Task material:
══════════════════════════════

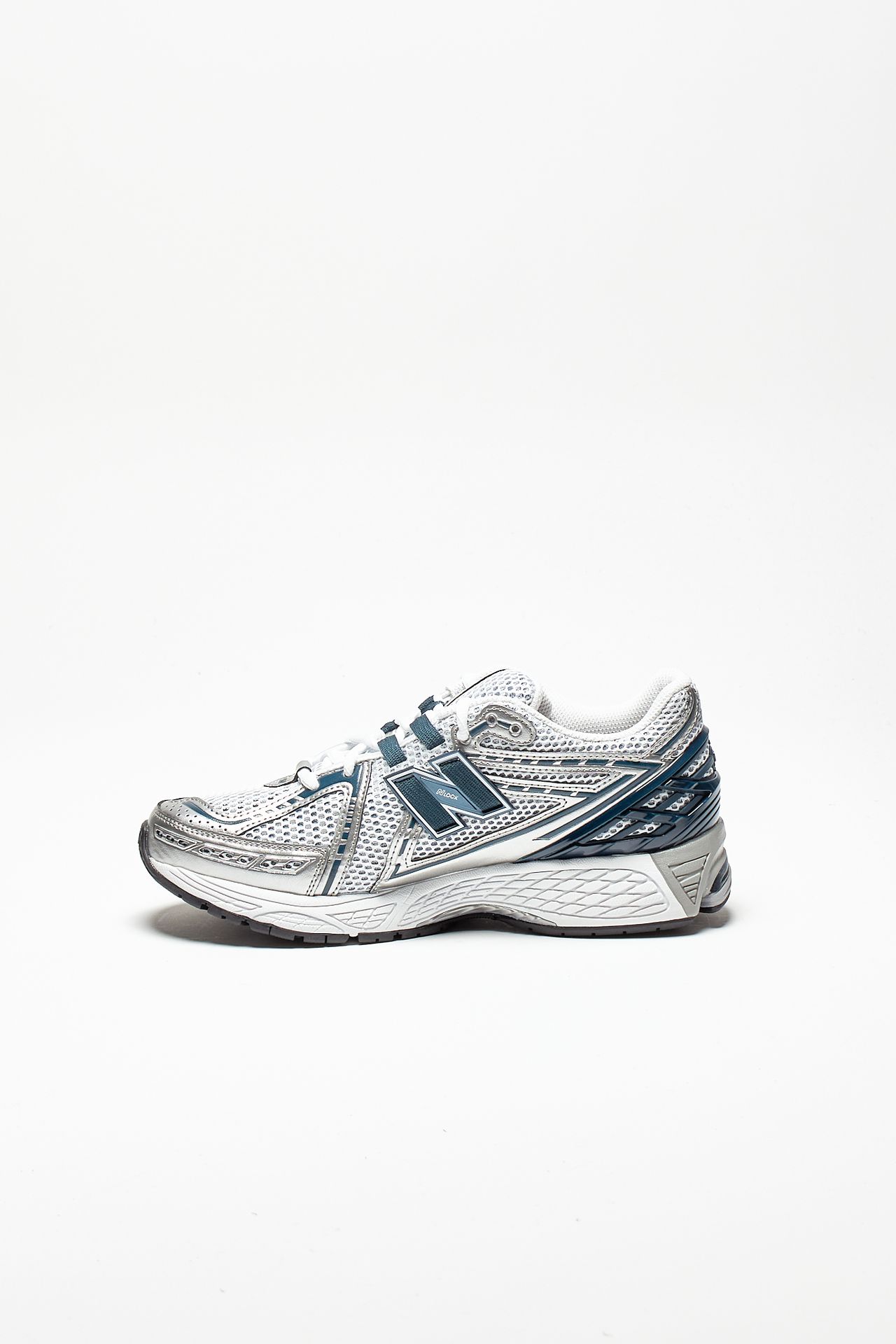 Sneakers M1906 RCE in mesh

══════════════════════════════

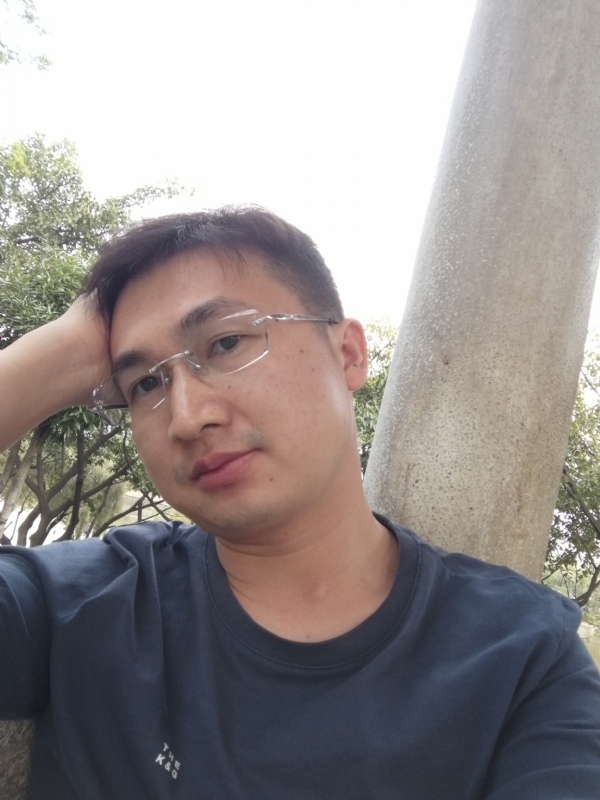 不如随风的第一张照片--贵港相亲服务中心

══════════════════════════════

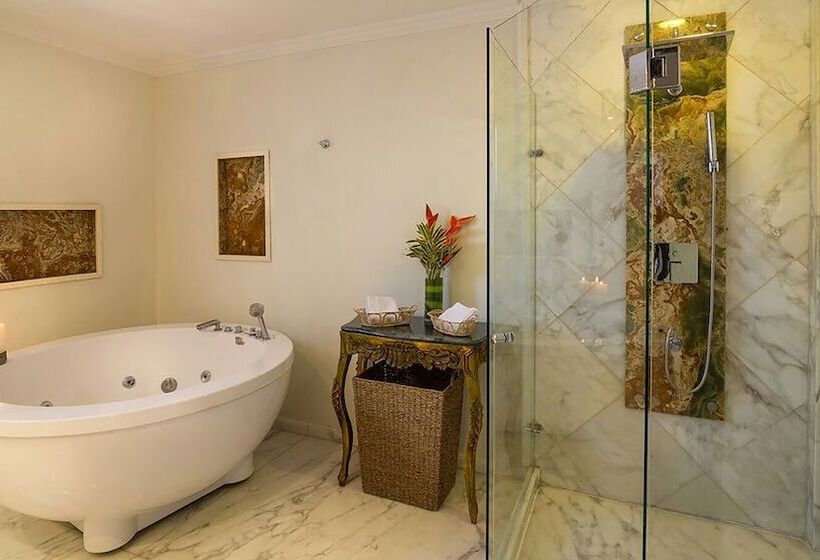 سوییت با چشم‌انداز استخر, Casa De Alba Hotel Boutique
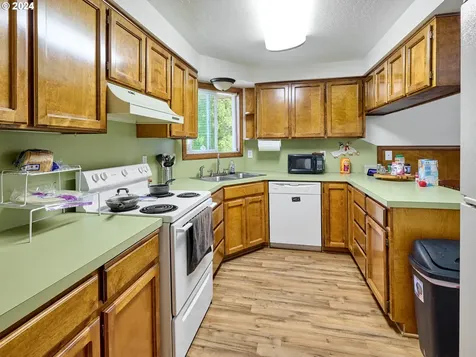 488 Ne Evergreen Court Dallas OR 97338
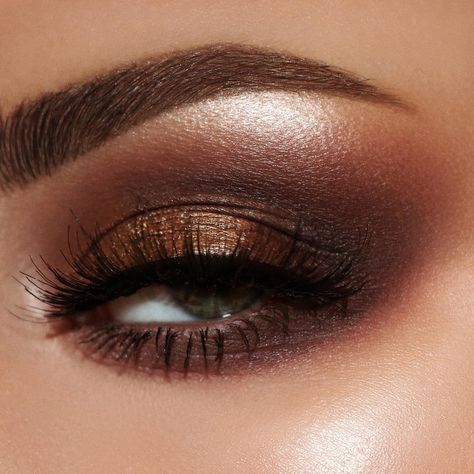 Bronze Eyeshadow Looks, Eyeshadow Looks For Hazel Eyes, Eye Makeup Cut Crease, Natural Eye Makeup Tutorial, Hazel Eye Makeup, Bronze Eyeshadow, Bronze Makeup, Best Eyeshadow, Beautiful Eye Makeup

══════════════════════════════

From the records above, copy exactly the stretch from the line holding "488 Ne Evergreen Court Dallas OR 97338" through the line holding "Bronze Eyeshadow Looks, Eyeshadow", both ends included, without the pictures.

 488 Ne Evergreen Court Dallas OR 97338
 Bronze Eyeshadow Looks, Eyeshadow Looks For Hazel Eyes, Eye Makeup Cut Crease, Natural Eye Makeup Tutorial, Hazel Eye Makeup, Bronze Eyeshadow, Bronze Makeup, Best Eyeshadow, Beautiful Eye Makeup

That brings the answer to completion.